Sam Mendes gives us a tense masterpiece which gives the impression that it is captured in one long shot. Besides pulling off a technical and aesthetic masterpiece, it also serves as a reminder of the horrors of war and how unnecessary it is.
The film is poetry in motion, with crescendos and troughs, it keeps all your senses engaged because you don’t want to miss a thing. The sheer scale and craft will dazzle you, just as the humanity and fear will shake you. Nuanced acting by the principal and supporting cast make it a rich and deep viewing.
You come away from the film not only appreciating the freedoms you enjoy because brave people gave their lives but also contemplate how difficult the conditions were and how quickly you had to move on in grief and loss.
Worthy of all the awards and accolades, this is a bit of world history brought to life from the stories by the director’s grand father Alfred Mendes.
Mary Poppins Returns: a feel good film after a long time, a wholesome experience for all ages. Emily Blunt is charming as the lead, ably supported by the entire cast. The surprise was an appearance by Meryl Streep, who never fails to enthrall. Wonderful songs and visuals make it the perfect choice to start the year!
Director Ol Parker had a tough task, writing and directing the prequel/sequel of the famous Mamma Mia which released 10 years ago. He does a great job, giving us glimpses in to Donna’s past and Sophie’s present.
Lily James had a tough act to follow, but she did a great job as Donna, the younger Meryl Streep. She embodied her body language, but more importantly her smile and spontaneous soul.
The ensemble cast sings and dances, with the sunshine spilling out of the screen, the tunes making you dance in your seats. What a wonderful warm feeling!
The film slowly builds to an emotional climax, a brilliant fitting tribute to Donna’s energy and exuberance. We have many treats, and vocal stylings to enjoy, and a fit grandma in Cher!

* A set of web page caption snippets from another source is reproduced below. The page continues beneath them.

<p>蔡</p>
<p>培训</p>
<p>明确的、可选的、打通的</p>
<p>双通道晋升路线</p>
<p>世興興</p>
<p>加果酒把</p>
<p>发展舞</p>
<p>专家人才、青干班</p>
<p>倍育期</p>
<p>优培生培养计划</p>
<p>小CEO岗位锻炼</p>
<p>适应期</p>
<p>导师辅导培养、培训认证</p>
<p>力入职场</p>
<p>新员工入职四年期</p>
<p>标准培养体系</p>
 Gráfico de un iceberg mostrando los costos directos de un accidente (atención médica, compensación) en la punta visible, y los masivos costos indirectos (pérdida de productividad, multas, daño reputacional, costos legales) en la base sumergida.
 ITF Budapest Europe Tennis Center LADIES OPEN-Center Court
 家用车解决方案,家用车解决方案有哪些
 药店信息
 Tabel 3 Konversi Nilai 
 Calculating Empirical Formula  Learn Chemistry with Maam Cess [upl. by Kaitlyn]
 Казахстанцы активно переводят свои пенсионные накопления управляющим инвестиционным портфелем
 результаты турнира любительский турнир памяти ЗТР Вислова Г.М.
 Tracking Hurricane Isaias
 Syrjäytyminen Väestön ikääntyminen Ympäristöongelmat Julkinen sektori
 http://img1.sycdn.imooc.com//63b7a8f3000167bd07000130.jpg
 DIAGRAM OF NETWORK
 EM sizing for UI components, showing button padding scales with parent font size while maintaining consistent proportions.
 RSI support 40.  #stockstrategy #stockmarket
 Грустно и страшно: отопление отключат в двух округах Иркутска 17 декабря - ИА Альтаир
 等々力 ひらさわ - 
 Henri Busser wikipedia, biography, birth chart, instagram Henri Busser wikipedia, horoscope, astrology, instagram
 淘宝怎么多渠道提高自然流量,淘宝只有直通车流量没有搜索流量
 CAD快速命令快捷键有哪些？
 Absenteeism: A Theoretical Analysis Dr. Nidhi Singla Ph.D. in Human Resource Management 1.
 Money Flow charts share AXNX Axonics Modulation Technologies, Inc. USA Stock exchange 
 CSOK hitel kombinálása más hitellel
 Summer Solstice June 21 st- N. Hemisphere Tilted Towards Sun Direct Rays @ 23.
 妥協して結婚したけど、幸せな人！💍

The melodies never cease to move and charm you and it just re-iterates, Old is Gold! ABBA nostalgia still rules hearts!
Sharon Maguire, who directed Bridget Jones’s Diary, is at the helm once more, bringing a well written comedy alive on screen.
Post 40 and single, a visibly aged Renee Zellweger plays the adorable Bridget, who ploughs through life even though it’s handed her a bunch of lemons. Destiny and a good friend bring her to adventures she isn’t prepared for. Enter Patrick Dempsey, a valid prospect, but good old Darcy ‘Colin Firth’ keeps popping up as a reminder of her past.
A tricky situation arises, leaving the 3 leads to entertain us in a sophisticated yet boisterous manner. The entire cinema was in splits at their predicament.
A fun watch and a good last act to the last two films.